WORK INSTRUCTION:
Leave out the pictures, and retype the remaining data exactly.

EXERCISE DATA:
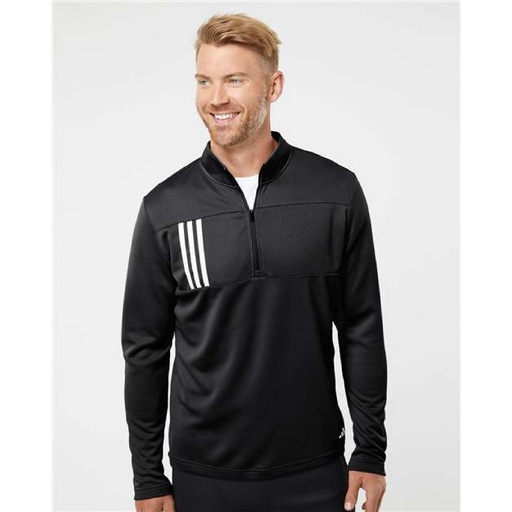 Adidas 3-Stripes Double Knit Quarter-Zip Pullover
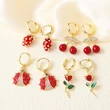 AS jewelry new oil-drip copper plated 18k gold insect rose cherry earrings earrings female eru76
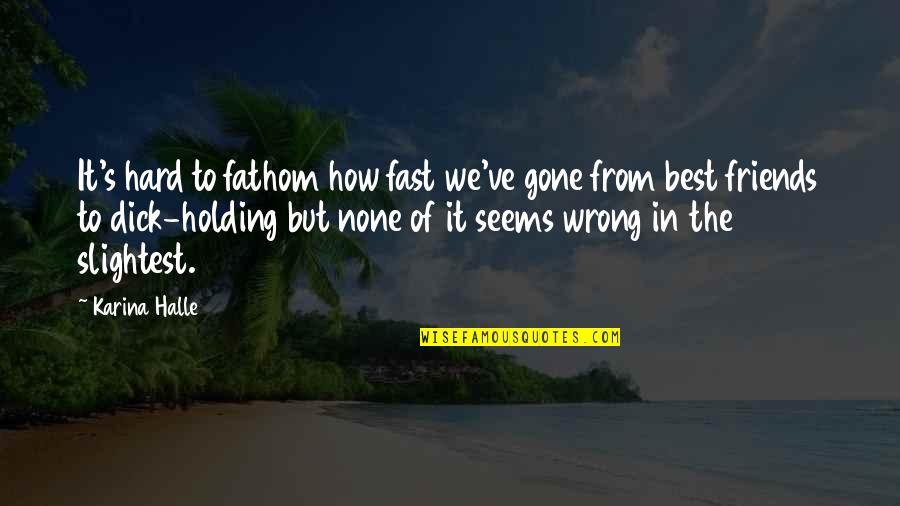 Best Friends Gone Wrong Quotes By Karina Halle: It's hard to fathom how fast we've gone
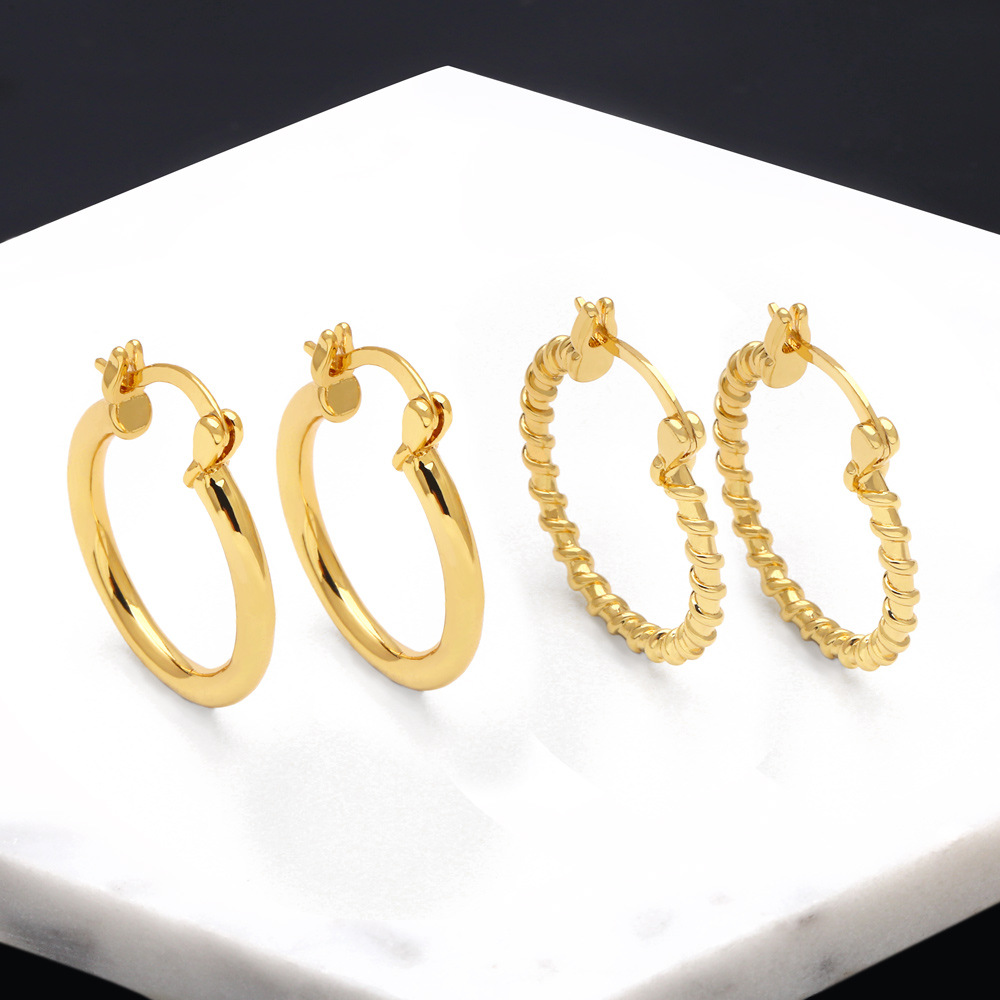 Simple Style Solid Color Copper Hoop Earrings Copper Earrings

ANSWER:
 Adidas 3-Stripes Double Knit Quarter-Zip Pullover
 AS jewelry new oil-drip copper plated 18k gold insect rose cherry earrings earrings female eru76
 Best Friends Gone Wrong Quotes By Karina Halle: It's hard to fathom how fast we've gone
 Simple Style Solid Color Copper Hoop Earrings Copper Earrings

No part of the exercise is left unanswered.